Two police officers have been disciplined after driving at 81mph through a 30mph zone in the village of Claudy in an unmarked police vehicle with no sirens or flashing lights activated, after having been in pursuit of a car.
It follows a Police Ombudsman investigation into the incident, which took place on Sunday 11 December 2011. The Renault Clio car which police had been following crashed, killing 20-year-old Dungiven woman, Claire Kelly.
The driver of the Clio later pleaded guilty to a series of offences – including dangerous driving and causing death by careless driving with excess alcohol - and was jailed for three years and banned from driving for five years.
An investigation into the incident by the Police Ombudsman found no causal link between the way in which the police car was driven and Miss Kelly’s death, but raised other concerns about the incident.
The accident happened shortly before 1.40am after officers noticed a Renault Clio perform a handbrake turn in the village of Feeny and head off at speed in the direction of Claudy.

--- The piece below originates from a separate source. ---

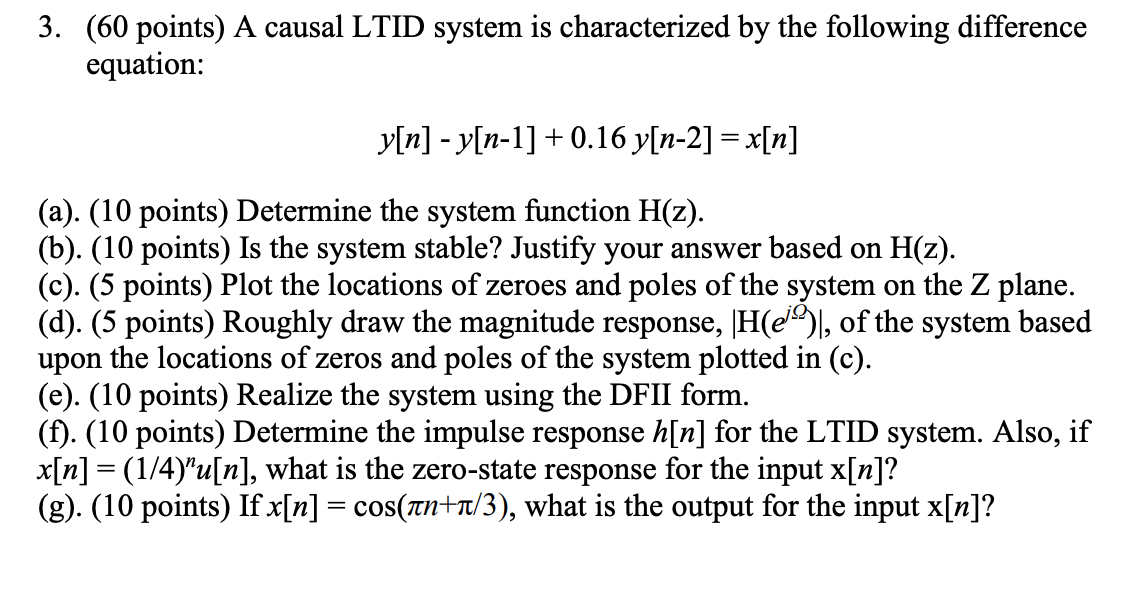 Solved 3 60 Points A Causal Ltid System Is Characteriz Chegg Com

Police gave chase but the police driver said he quickly abandoned the pursuit given the speed at which the Clio was being driven. He said he lost sight of it not far from Feeny.

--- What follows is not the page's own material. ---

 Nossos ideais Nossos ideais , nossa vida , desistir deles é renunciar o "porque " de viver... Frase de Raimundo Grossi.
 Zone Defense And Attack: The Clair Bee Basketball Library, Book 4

CCTV footage secured from business premises in Claudy and examined by a Police Ombudsman investigator suggested there was a 12 second gap between the two cars just before the crash, which happened on the outskirts of the village.
Fire and ambulance services were called, but Miss Kelly, a rear seat passenger, later died of her injuries at Altnagelvin Hospital.

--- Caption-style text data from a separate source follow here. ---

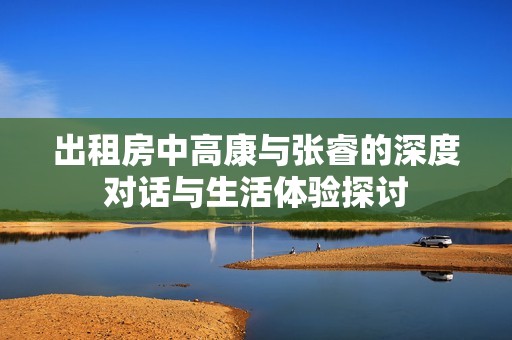出租房中高康与张睿的深度对话与生活体验探讨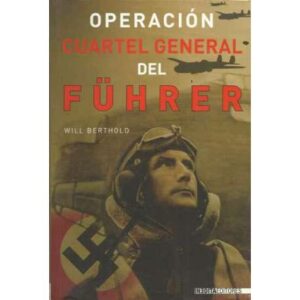 Operación cuartel general del Führer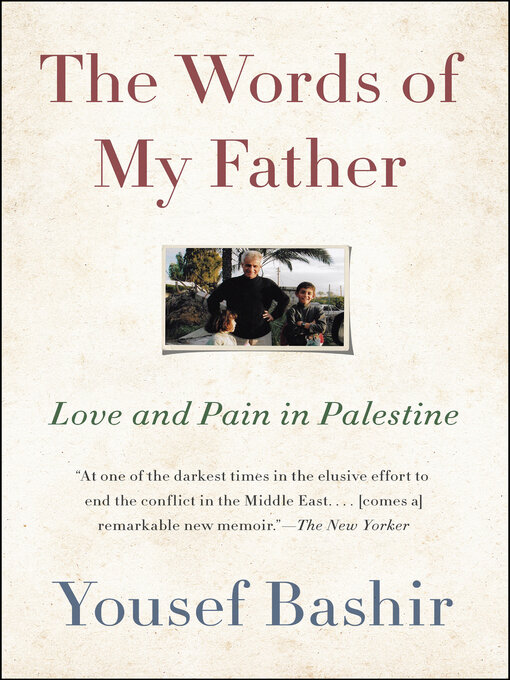 Title details for The Words of My Father by Yousef Bashir - Available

The driver of the car and another passenger, Miss Kelly’s boyfriend, provided statements to the Police Ombudsman’s investigation. Witness appeals in the media and along the route taken by the cars also identified a number of other witnesses.
The driver of the Clio said he panicked and fled from police as he had been drinking and was uninsured. He said he touched the brakes as he tried to negotiate a right-hand bend and had felt the car “wiggle” before it crashed.
He said he had not heard sirens but had at one stage seen blue flashing lights in the windscreen of the police car.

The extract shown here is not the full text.